A valuation {\left\lvert - \right\rvert} is non-Archimedian if we can take {C = 1} in our requirement that {\left\lvert a \right\rvert \le 1 \implies \left\lvert 1+a \right\rvert \le C}. Otherwise we say the valuation is Archimedian.

Thus the real valuation is Archimedian while the {p}-adic valuation is non-Archimedian.

Lemma 10

Given a non-Archimedian valuation {\left\lvert - \right\rvert}, we have {\left\lvert b \right\rvert < \left\lvert a \right\rvert \implies \left\lvert a+b \right\rvert = \left\lvert a \right\rvert}.

Proof: We have that

\displaystyle  \left\lvert a \right\rvert = \left\lvert (a+b)-b \right\rvert \le \max\left\{ \left\lvert a+b \right\rvert, \left\lvert b \right\rvert \right\}.
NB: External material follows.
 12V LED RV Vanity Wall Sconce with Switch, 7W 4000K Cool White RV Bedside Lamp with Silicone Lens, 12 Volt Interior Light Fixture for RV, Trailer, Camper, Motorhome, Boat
On the other hand, {\left\lvert a+b \right\rvert \le \max \{ \left\lvert a \right\rvert, \left\lvert b \right\rvert\}}. \Box

Given a field {k} and a non-Archimedian valuation on it, we can now consider the set

\displaystyle  \mathcal O = \left\{ a \in k \mid \left\lvert a \right\rvert \le 1 \right\}

and by the previous lemma, this turns out to be a ring. (This is the point we use the fact that the valuation is non-Archimedian; without that {\mathcal O} need not be closed under addition). Next, we define

\displaystyle  \mathcal P = \left\{ a \in k \mid \left\lvert a \right\rvert < 1 \right\} \subset \mathcal O

which is an ideal. In fact it is maximal, because {\mathcal O/\mathcal P} is the set of units in {\mathcal O}, and is thus necessarily a field.

Lemma 11

Two valuations are equal if they give the same ring {\mathcal O} (as sets, not just up to isomorphism).
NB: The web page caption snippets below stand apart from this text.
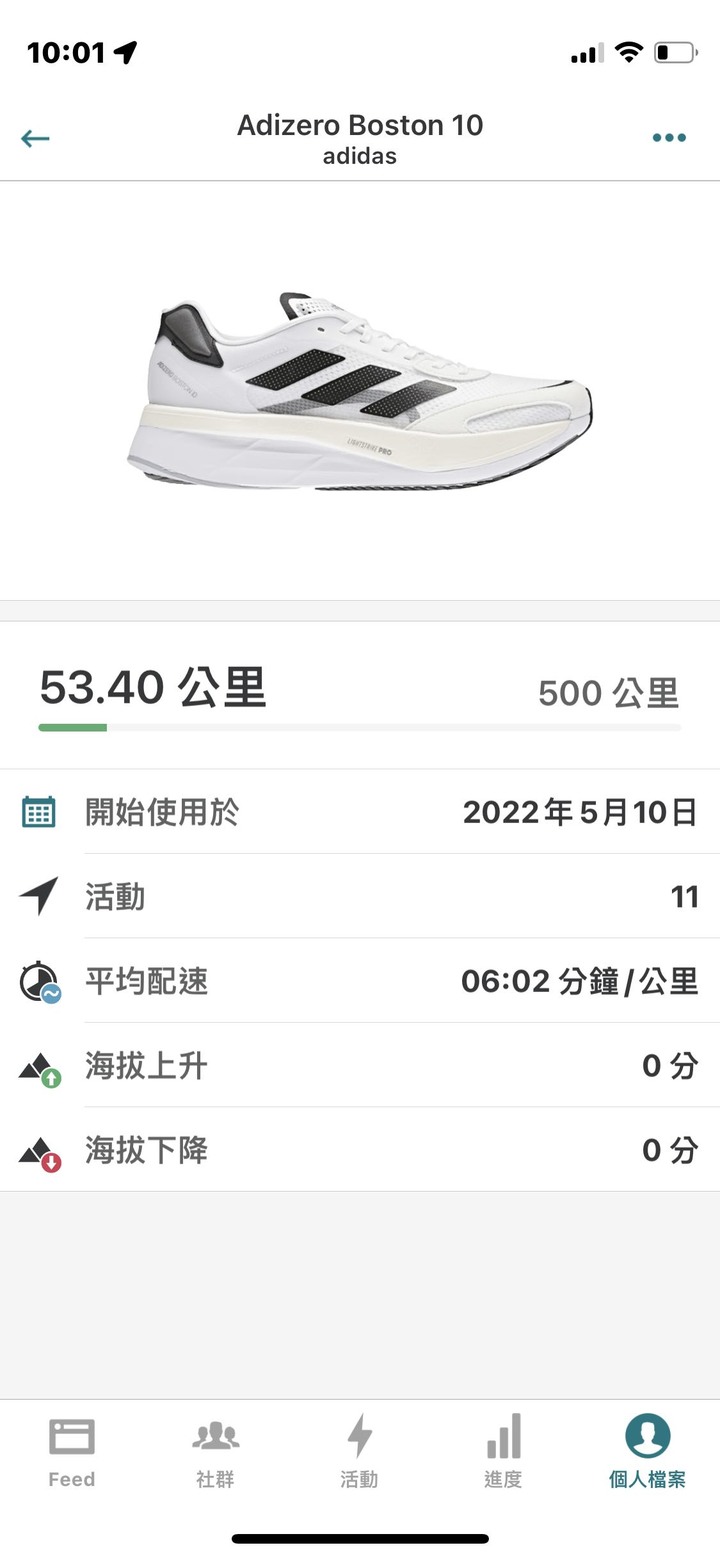 [問題] 關於Adidas Adizero Boston 10 跑鞋（更新6/3號忘了換長襪的下場）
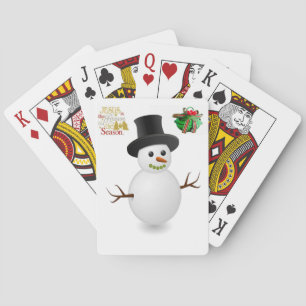 Baraja De Cartas Navidades Jugando La Tarjeta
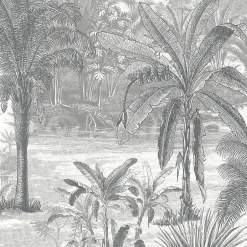 GoodHome Papier peint Vinyle Intissé Onyk gris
Proof: If the valuations are equivalent it’s trivial.

For the interesting converse direction (they have the same ring), the datum of the ring {\mathcal O} lets us detect whether {\left\lvert a \right\rvert < \left\lvert b \right\rvert} by simply checking whether {\left\lvert ab^{-1} \right\rvert < 1}. Hence same topology, hence same valuation. \Box

We will really only work with valuations which are obviously discrete. On the other hand, to detect non-Archimedian valuations, we have

Lemma 12

{\left\lvert - \right\rvert} is Archimedian if {\left\lvert n \right\rvert \le 1} for every {n = 1 + \dots + 1 \in k}.

Proof: Clearly Archimedian {\implies} {\left\lvert n \right\rvert \le 1}. The converse direction is more interesting; the proof is similar to the analytic trick we used earlier. Given {\left\lvert a \right\rvert \le 1}, we wish to prove {\left\lvert 1+a \right\rvert \le 1}. To do this, first assume the triangle inequality as usual, then

\displaystyle  \left\lvert 1+a \right\rvert^n < \sum_j \left\lvert \binom nj \right\rvert\left\lvert a \right\rvert^j \le \sum_{j=0}^n \left\lvert a \right\rvert^j \le \sum_{j=0}^n 1 = n+1.

Finally, let {n \rightarrow \infty} again. \Box
In particular, any field of finite characteristic in fact has {\left\lvert n \right\rvert = 1} and thus all valuations are non-Archimedian.

5. Completions

We say that a field {k} is complete with respect to a valuation {\left\lvert - \right\rvert} if it is complete in the topological sense.

Theorem 13

Every field {k} is with a valuation {\left\lvert - \right\rvert} can be embedded into a complete field {\overline{k}} in a way which respects the valuation.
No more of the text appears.